The Sonata was subsequently recorded commercially by Claude Helffer in 1969 and Roger Woodward in 1972, both also in the presence of the composer. A concert recording from 1972 by Francoise Thinat, prepared with the composer, has also been released on CD.

The new critical edition of the Sonata by Heribert Henrich was given its first performance from an early draft, in 2012 in Berlin, by Nicolas Hodges. The concert also included the world premiere by Hodges of Barraqué's juvenile piano works and songs. The new edition was given its first recording by Jean-Pierre Collot in 2018, release 2019 (see Discography).

==Published editions==

The Sonata had been published by Aldo Bruzzichelli, Florence in 1966; the rights have since transferred to Bärenreiter-Verlag of Kassel. The original edition is rife with notational errors, and some performers (particularly Henck) made extensive corrections. In 2019 however, the long-awaited critical edition by Heribert Henrich was published by Bärenreiter.

- Jean Barraqué, Sonate pour piano. Aldo Bruzzichelli Editore, Florence. 1965.
- Jean Barraqué, Sonate pour piano.
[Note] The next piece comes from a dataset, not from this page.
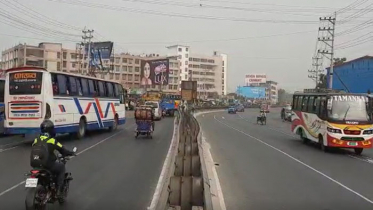 ঘরমুখো মানুষের চাপ থাকলেও মহাসড়কে নেই যানজট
Kassel, Bärenreiter-Verlag, 1993: BA 7284. (reprint of Bruzzichelli edition)
- Jean Barraqué, Sonate pour piano, critical edition by Heribert Henrich. BA 11416 (2 vols). Kassel, Bärenreiter-Verlag, 2019. ISMN 979-0-006-56760-7

== Discography ==

- Yvonne Loriod recorded 28 and 30 October 1957, issued on LP Vega C 30 A 180 in 1958. CD reissue as part of Yvonne Loriod – The Complete Vega Recordings 1956–1963 DECCA 48170692, 2019.
- Claude Helffer Released on LP Valois MB 952, 1969. (Never rereleased on CD)
- Roger Woodward Recorded 27–29 October 1972, released on LP EMI EMSP 55 (1973) and LP Unicorn-Kanchana UNS 263 (1979) (with a sleeve note by Bill Hopkins). CD reissue on Celestial Harmonies 13325-2, 2014.
- Francois Thinat Concert recording 25 February 1972, issued on CD FY Solstice SOCD 315/6, 2015.
- Chen Pi-hsien Released on CD Telos Records tls 006, 1997
- Stefan Litwin Recorded 13–16 October 1997, released on CD cpo 999 569–2, 1998
- Herbert Henck Recorded July 1996, released on CD ECM 1621, 1999
- Jean-Frédéric Neuburger Concert recording 14 January 2011, released on CD Mirare MIR 145, 2011.
- Jean-Pierre Collot Released on CD Winter & Winter 910 257–2, 2019

Woodward worked extensively with Barraqué before his recording. There are photographs, some of which were reproduced in the booklet of Woodward's CD, showing Barraqué and Woodward in two different settings, one working together at a desk and the other one working together in a recording studio with Woodward at the keyboard and Barraqué standing near, talking. Woodward's notes on his recording tell the story in great detail.